Critics of the Hong Kong-born MP are guilty of filthy racist slurs, ScoMo howls. It’s an outrage. Morrison follows his parliamentary gutter politics – (“disgusting”, Mark Dreyfus dubs them), with Standing Up for All Chinese Australians, a video he releases on Chinese social media, WeChat, now a Coalition propaganda, go-to. It’s a sequel to his April love-in, when after years of failed attempts, but vast increases in donations, Liu was finally pre-selected for Chisholm in Victoria.

“How good is Gladys Liu? Gladys Liu is a force of nature.” ScoMo crowed in April at her pre-selection. And he’s right. And she may have a right to be a bigot provided she doesn’t harm children who need safe schools. Or if she stays away from promulgating lurid lies and fantasies on social media which impede the voters’ right to make up their own mind.

But it’s fair to ask who her political mates are. Her connections. What are her links to United Front Work Department’s Guangdong provincial branch of the China Overseas Exchange Association, an overseas propaganda and influence outfit headed by high-ranking party officials? Documents show that Liu has been a council member of this outfit.

Liu also confirms she was honorary president of the United Chinese Commerce Association of Australia. All done and dusted? Not yet. There’s a torrent of abuse from what is mysteriously called the other side of politics. Bolt’s side.

Bolt goes nuts. “The way that the Prime Minister played that race card five times this morning, well I can only say the Chinese regime should be sending him a thank you card,” he says in his opening harangue on Thursday. Classy irony.

“Prime Minister why was it racist to question Gladys Liu’s connections to China but it wasn’t racist to call Sam Dastyari ‘Shanghai Sam’?” asks a Ten Reporter. Liar from the Shire, ScoMo denies using the phrase but social media lights up with evidence to the contrary. Hansard also records Morrison stooping to racist taunting of Dastyari on several occasions.

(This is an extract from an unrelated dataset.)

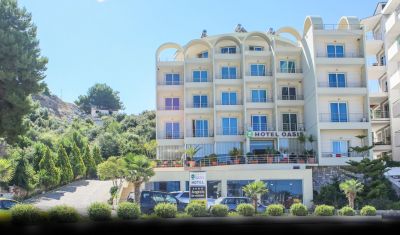 Imagine pentru Hotel Oasis 3* valabile pentru Litoral 2025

So who is being racist? “Questioning by Labor and the crossbench members of Parliament on this is legitimate and reasonable,” Australia’s former Race Discrimination Commissioner, Tim Soutphommasane, tells The Sydney Morning Herald; Nine Newspaper’s Peter Hartcher. Hartcher dismisses suggestions ASIO warned his paper’s Liberal Party pals ScoMo or Fizza Turnbull. So neither PM or their departments could join the guest list warning dots? We are in trouble.

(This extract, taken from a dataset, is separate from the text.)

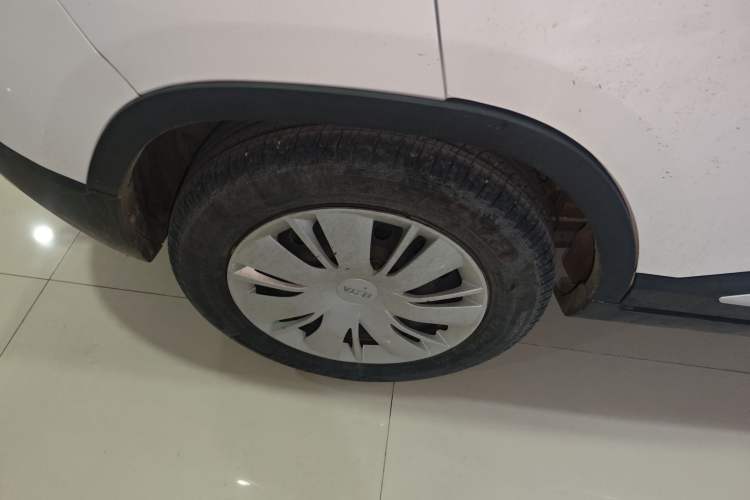 Used NETA N01 2020 430V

In trouble also are Chinese communities, here and in other nations. Already under-represented in parliaments, they must now suffer being represented by MPs of dubious loyalty, observes Clive Hamilton.

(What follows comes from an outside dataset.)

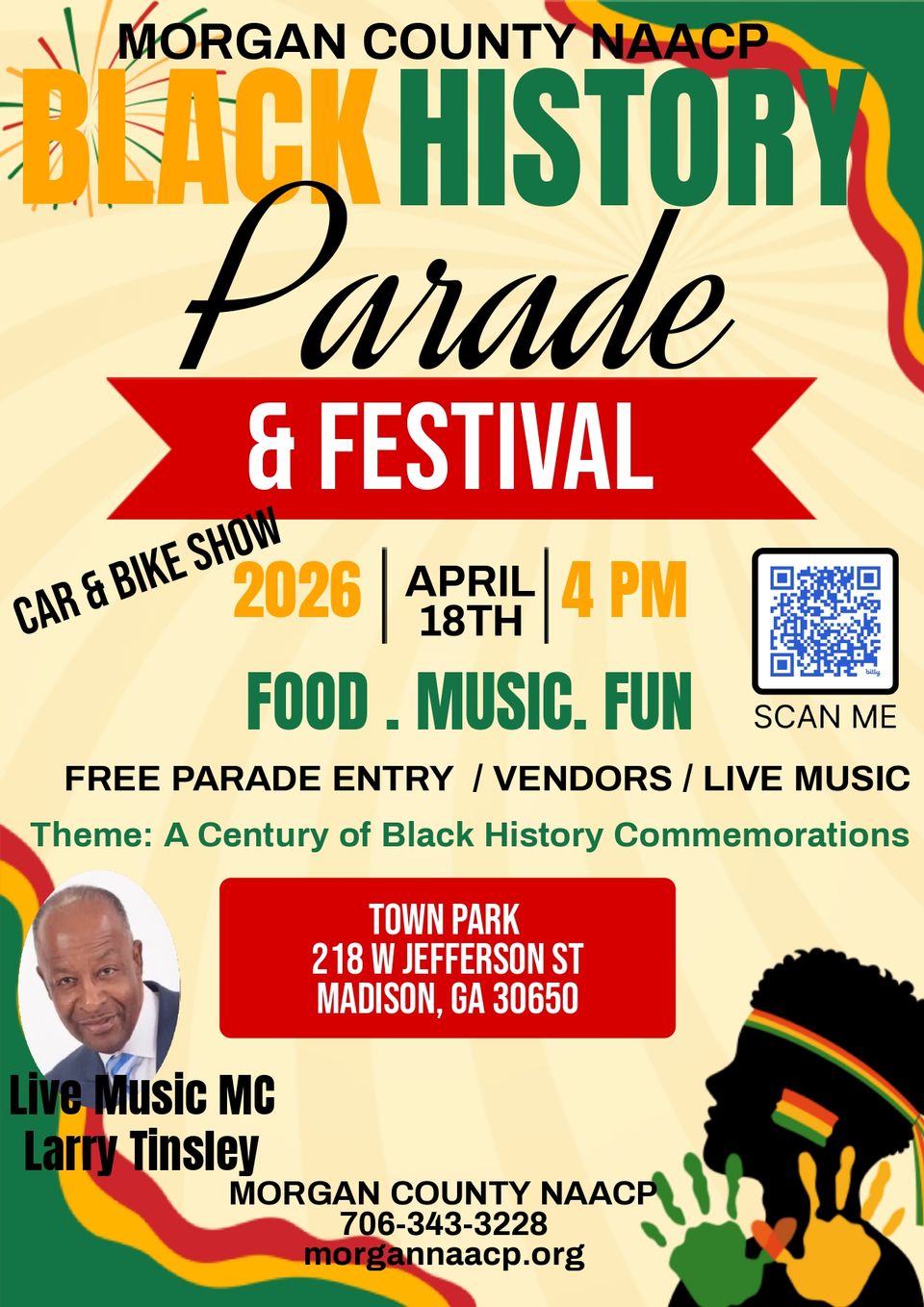 Black history parade 2026 flyer page 0001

And how fares our democracy where pre-selection is determined, at least in the Liberal Party, by how much money you can raise? Your ability to chat up rich-listers – and not by the calibre of your thinking, your humanity, or dare it be said, your capacity to contribute honest, constructive, socially cohesive ideas to policy or your demonstration of good faith.

A bit of concern for the planet doesn’t go astray either. Does our nation really needs another climate change sceptic?

The Liu case is far from closed. Word is that Gladys will be minded by the PMC – reduced to another bot from head office. The well-oiled, back-biting, faction-riven fossils in the Victorian Liberal Party will fall over themselves to help.

Micro-managed, scripted, she will win more time to be a WeChat warrior. But there are still few wild cards to be played. Her bully-PM has the diplomatic skills of a demented warthog and a hide to match. No patience for high maintenance.

If, on the other hand, it turns out that Gladys is of no further use to the United Front Work Department they may cut her loose. Beat ScoMo to it. Recall her. Some irregularity with her residency. Before even Morrison’s office works out that she’s more a political liability than an asset. A conga-line of suitable replacements will already be putting itself forward.

Or the High Court may be pleased to find her election invalid. But don’t hold your breath.